Posted: Jul 11, 2014 2:17 am
by Darwinsbulldog
Calilasseia wrote:
VazScep wrote:It gets repeated that scientists have their own special technical meaning of the word "theory" which differs from the colloquial meaning, which apparently means something like "shitty guess", but I think that's wrong. Scientists use the word mostly the same way that mortals do, and I want to emphasise that meaning, arguing that it's the creationists who are overemphasising the interpretation of "theory" to mean "shitty guess".

Theory is the opposite of practice. It refers to the stuff you do with pen and paper (and nowadays, with a computer), as opposed to getting your hands dirty. So when you're learning to drive, the practical part will involve sitting behind the wheel of a car, but the theory part involves questions about rules and regulations and driving strategies that you're allowed to think about in abstract. When you learn to play the piano, a good deal will be spent mashing your chubby fingers on a keyboard like a cretin, but some of it will involve sitting with sheets of symbols and going through the purely abstract symbol manipulation of transposition.

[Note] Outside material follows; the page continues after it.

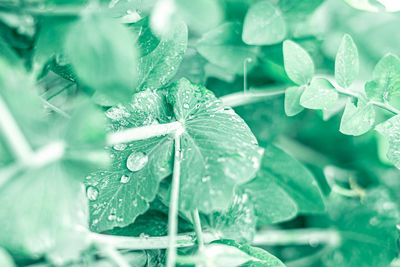 Close-up of raindrops on leaves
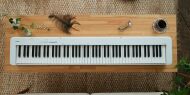 CASIO CDP-S110 WE - 5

Mathematics and computer science are full of theories, because most of maths and computer science is done with pens, papers and computers.

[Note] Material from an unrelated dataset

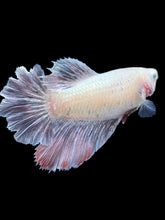 Load image into Gallery viewer, TOP GRADE Female Rosetail - Snow Copper #032 - Live Betta Fish

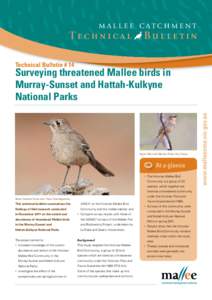 Natural history of Australia / Hattah-Kulkyne National Park / Mallee Emu-wren / Mallee Catchment Management Authority / The Mallee / Black-eared Miner / Red-lored Whistler / Malleefowl / Western Whipbird / Mallee Woodlands and Shrublands / Birds of Australia / Corvida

"Theory" in "theory of evolution" is consistent with these familiar usages. It's the abstract pen-and-paper thinking that goes when organising all those dirty fossils and other shite that irritating naturalists kept bringing back from the garden and from their voyages to the Galapagos Islands. Theories of gravitation are the equations you do on pen-and-paper to recover the ridiculuous amounts of data that astronomers generate. And so on and blah.


The latter two paragraphs above, constitute part of the reason that I've stated repeatedly what the word 'theory' means in science. In science, a theory is an integrated explanation for a class of phenomena of interest, that has been tested to determine if it is in accord with the data arising from said phenomena, and found to be thus in accord via said testing. It's as far removed from "made up shit guess" as it's possible to be. That which has not been tested comes under the heading of "hypothesis", with the understanding that scientists are going to perform the requisite tests the moment they are able to.

Nyet Cali. What is important in science is the formulation & testing of models about natural phenomena. "Explanation" is emergent from this in the "how sense". Likewise, mechanism[s] are nice when they can be reasonably inferred. But not essential, otherwise you would have to chuck out both quantum mechanics and Darwins Theory by natural selection [missing mechanism for inheritance, circa 1860-1950's] and label them as pseudoscience. Sure, scientist SEEK both mechanism AND explanation. But they are bonuses, not mandatory. Too much emphasis on mechanism and explanation [apart from the limited explanation of description and predict] drifts science away from methodological naturalism and towards philosophical naturalism, and indeed, metaphysical naturalism. Not that there is anything intrinsically wrong with metaphysical/philosophical positions in the philosophy of science[1], they have no place in science itself.

[1] And I have argued that there are ways to look at the metaphysical implications of science that do not have to be mystical, but can generate interesting speculations that are not evidence-free or irrational.